Assignment: Repeat the data in full and exactly. Leave the pictures out.

Given data:
·····
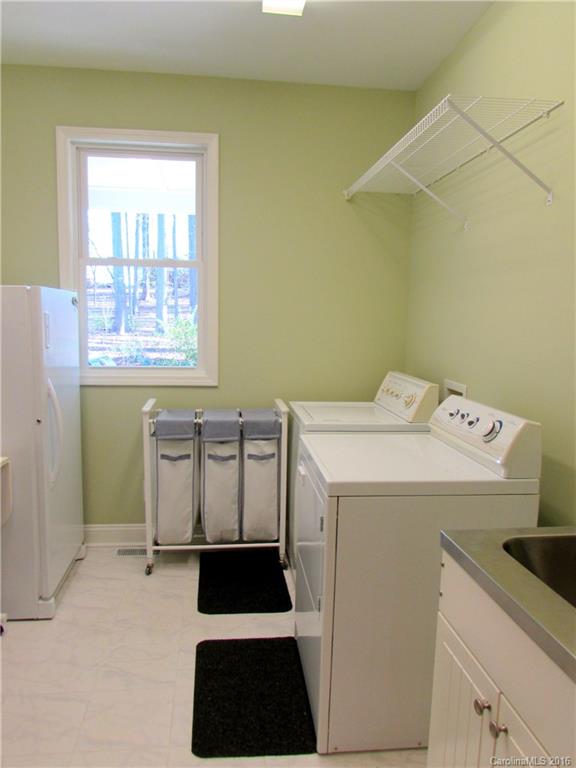 3310 Lincoln Road York, SC 29745 - Photo 18 of 24 Gallery Image 18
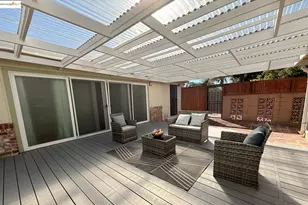 17453 Via Valencia, San Lorenzo, CA 94580 - Photo 23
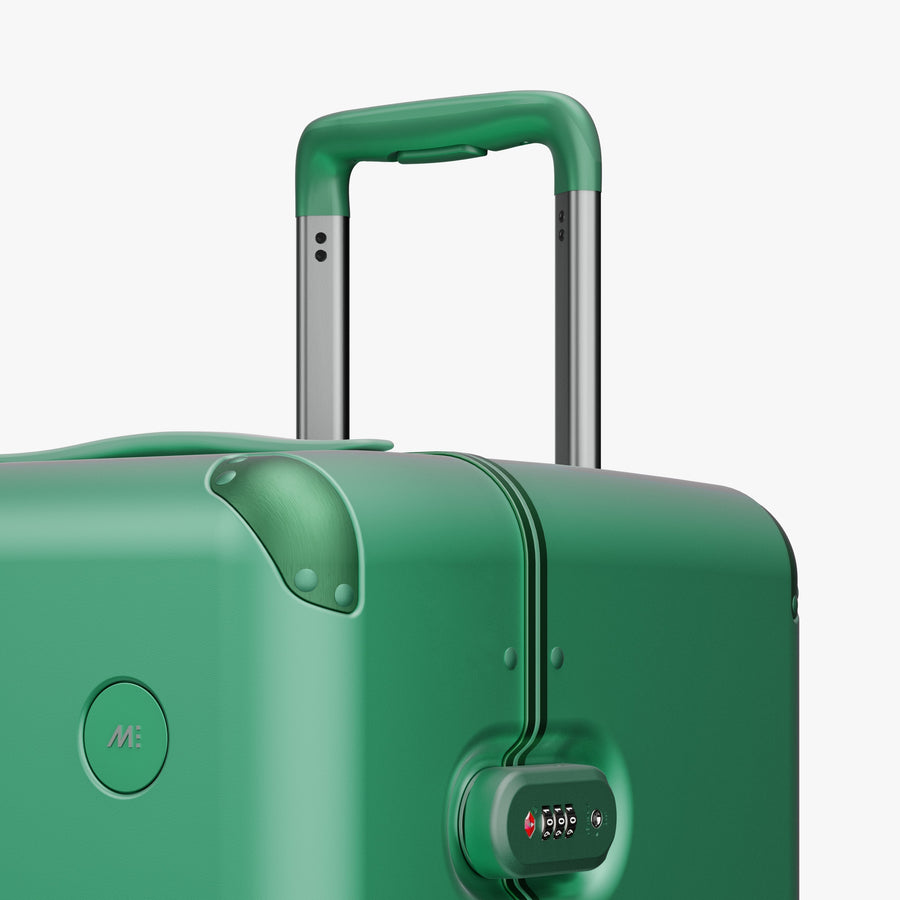 Jungle Green | Close-up view of the logo detail on the Hybrid Trunk Large in Jungle Green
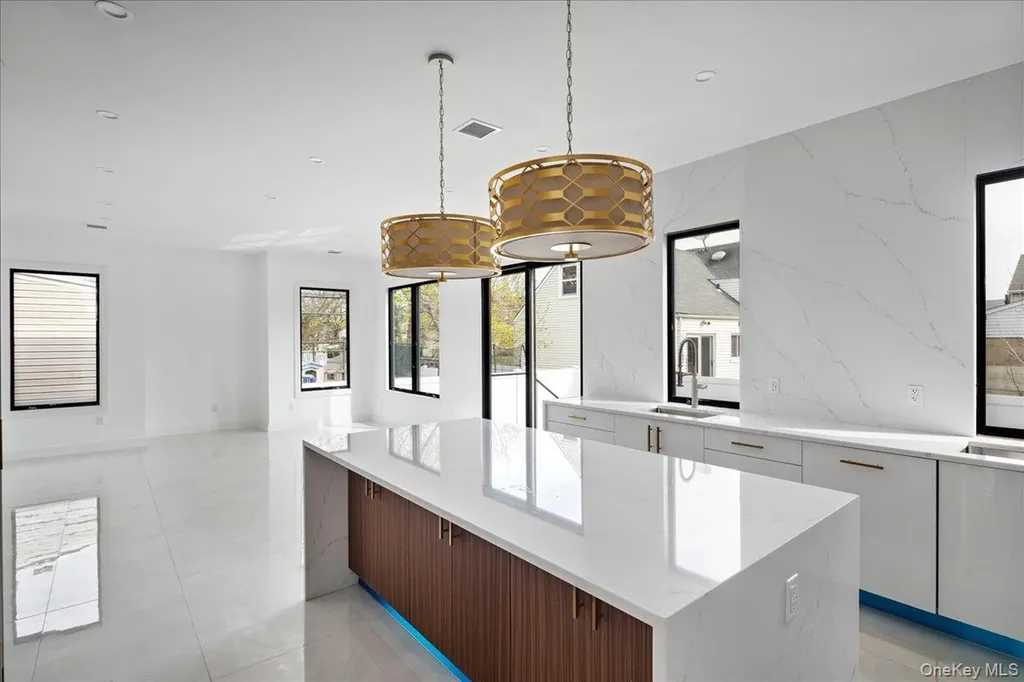 544 Arlington Road Cedarhurst NY 11516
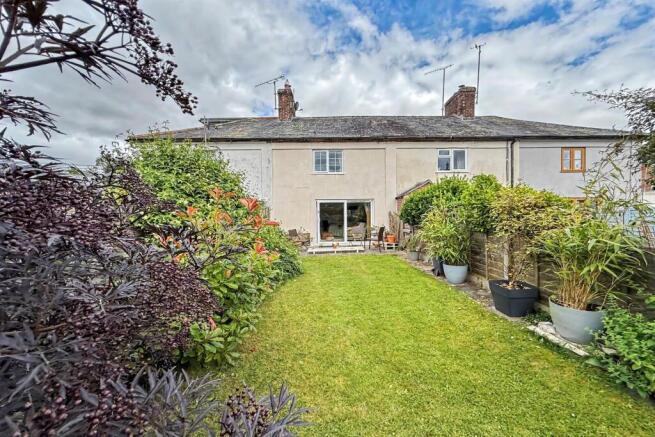 2 bed property, in Winterborne Whitechurch, £270,000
·····
Answer to the problem:
 3310 Lincoln Road York, SC 29745 - Photo 18 of 24 Gallery Image 18
 17453 Via Valencia, San Lorenzo, CA 94580 - Photo 23
 Jungle Green | Close-up view of the logo detail on the Hybrid Trunk Large in Jungle Green
 544 Arlington Road Cedarhurst NY 11516
 2 bed property, in Winterborne Whitechurch, £270,000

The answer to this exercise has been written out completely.